Fenomena ini bukan sekadar pergeseran perilaku, melainkan gejala mendalam dari rusaknya keseimbangan antara pengetahuan dan budi pekerti. Di tengah kota yang gemerlap, pendidikan kehilangan salah satu rohnya yang paling hakiki terkait membentuk manusia beradab, bukan sekadar individu yang berilmu saja.
Menatap laju kehidupan kota yang serba cepat telah mengubah banyak hal, termasuk cara manusia memaknai sopan santun. Di tengah denyut modernitas, di mana waktu dianggap uang dan efisiensi menjadi ukuran keberhasilan, adab perlahan tersisih dari ruang interaksi sosial. Murid-murid kini tumbuh dalam budaya instan, serba cepat, serba digital, dan serba pamer, yang membuat kesantunan terasa kuno dan tidak relevan.

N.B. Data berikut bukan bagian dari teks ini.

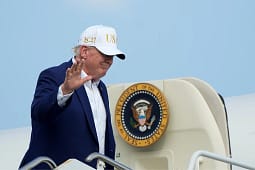 Si u largua fshehurazi Trump nga Turqia: Ai hipi në një aeroplan para kamerave dhe u transferua në një tjetër me një kamion shpërndarjeje Si u largua fshehurazi Trump nga Turqia: Ai hipi në një aeroplan para kamerave dhe u transferua në një tjetër me një kamion shpërndarjeje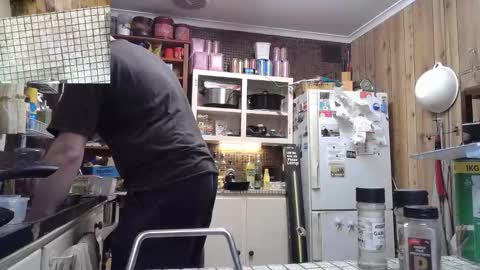 Snapshot of cookieliquor chatting on September 2025 09:27:02 PM Cookie - I do cooking streams occasionally. Next stream  online show from September 2025 09:27:02 PM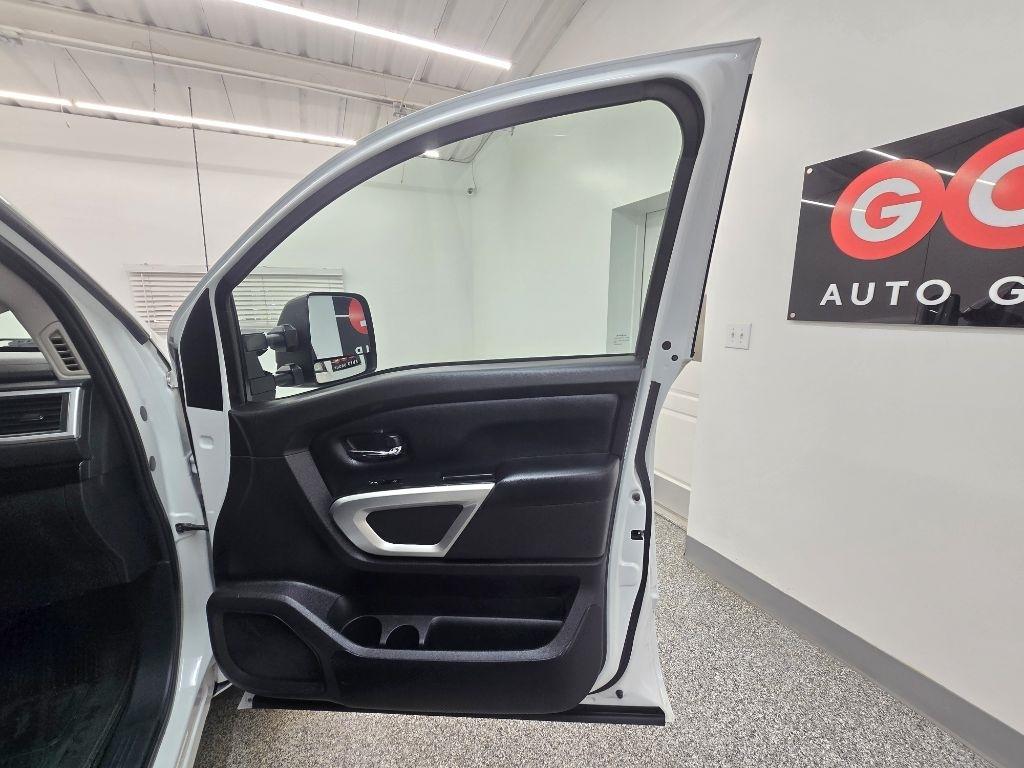 Nissan Titan Platinum Reserve Crew Cab 4WD 2021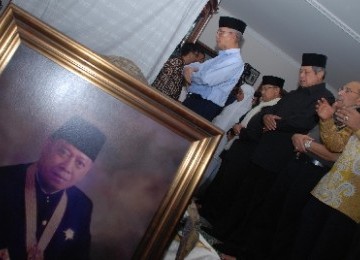 President Susilo Bambang Yudhoyono prays with family members of  Junus Effendi Habibie, who passed away on Monday morning in Jakarta. Habibie is the younger brother of the former president, BJ Habibie. 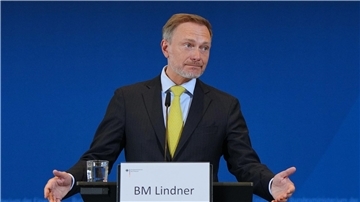 Christian Lindner nennt die aktuelle Steuerschätzung einen „Realitätscheck“ für den Bundeshaushalt 2025.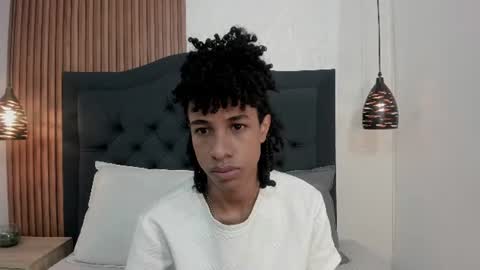 Snapshot of johan_gz_ chatting on 07/10/26, 11:35 Johan online show from 07/10/26, 11:35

Di rumah, banyak keluarga terjebak dalam rutinitas pekerjaan yang padat; orang tua pulang larut, anak-anak ditemani gawai, bukan percakapan hangat. Akibatnya, proses penanaman nilai moral dan budi pekerti yang seharusnya dimulai dari keluarga menjadi terabaikan. Sekolah pun, yang mestinya menjadi perpanjangan tangan keluarga dalam membentuk karakter, lebih sibuk mengejar ranking, akreditasi, dan capaian akademik. Nilai-nilai seperti menghargai guru, menyapa dengan sopan, dan menolong teman menjadi pelajaran tak tertulis yang jarang disinggung. Sementara itu, media sosial dengan segala gemerlapnya justru menjadi ruang baru yang menormalisasi gaya bicara kasar, sindiran, dan sikap tak hormat.

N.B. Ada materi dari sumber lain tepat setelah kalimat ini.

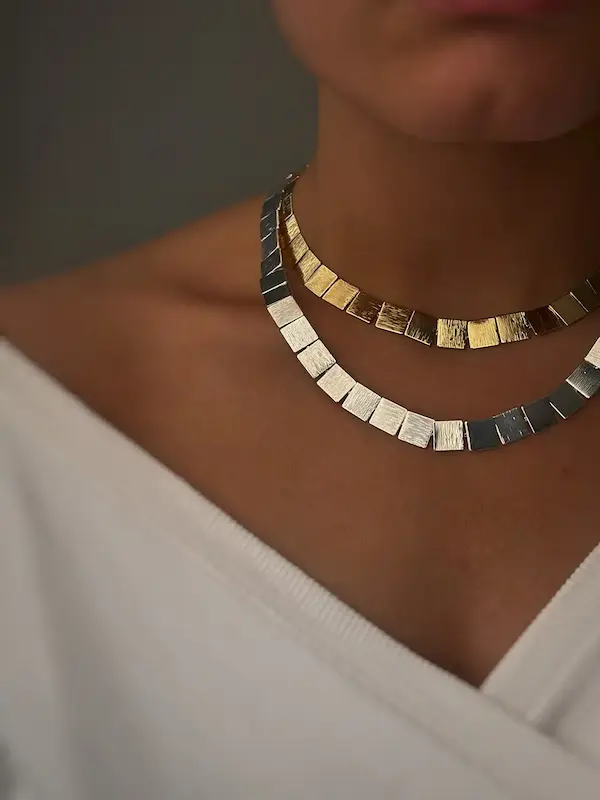 گردنبند مربعی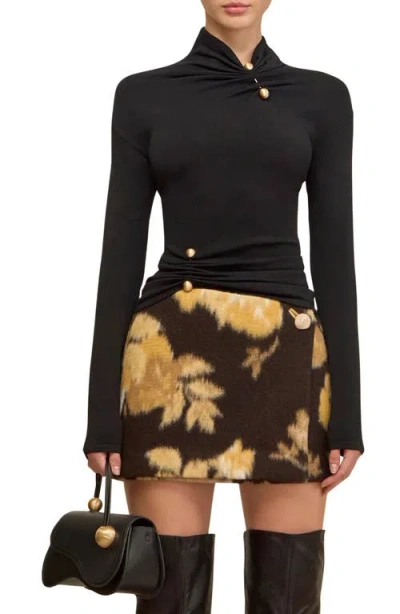 Cult Gaia Callie Asymmetric Neck Top In Black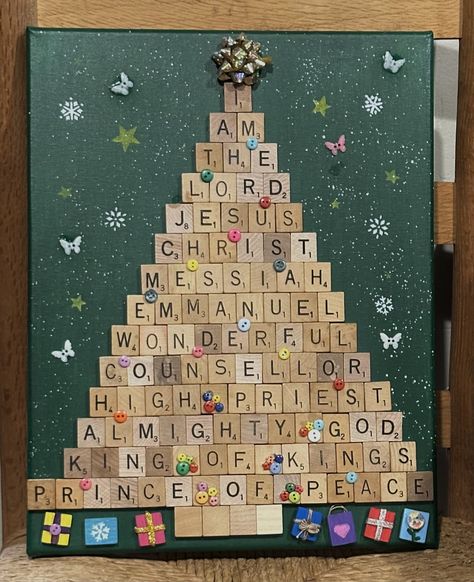 Christmas Scrabble Tiles, Scrabble Christmas, Scrabble Letter Crafts, Holiday Crafts Decorations, Scrabble Crafts, Dollar Store Christmas Crafts, Christmas Decorations Diy Crafts, Diy Xmas Gifts, Handmade Christmas Crafts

Realita di dunia maya, banyak murid belajar meniru gaya selebritas yang penuh sensasi daripada figur teladan yang beradab. Maka, tanpa disadari, modernitas yang semula diharapkan membawa kemajuan justru mengikis sendi-sendi kesopanan, meninggalkan generasi yang cerdas secara digital, namun kering dalam tata krama dan empati sosial.
Di sekolah, para guru sering kali terjebak dalam tekanan administrasi dan tuntutan kurikulum. Orientasi pendidikan yang lebih menekankan hasil, angka rapor, nilai ujian, dan prestasi akademik membuat proses pembentukan karakter sering dianggap sekadar pelengkap. Murid pun akhirnya tumbuh dalam sistem yang mengajarkan cara menjawab soal dengan benar, tapi lupa bagaimana bersikap benar terhadap sesama. Sementara itu, lingkungan kota yang keras dan kompetitif menanamkan nilai individualisme yang kuat; setiap orang berlomba mengejar pencapaian pribadi tanpa sempat menoleh pada nilai kebersamaan. Ditambah lagi dengan budaya instan dari media sosial yang mendorong murid untuk meniru perilaku tanpa proses refleksi.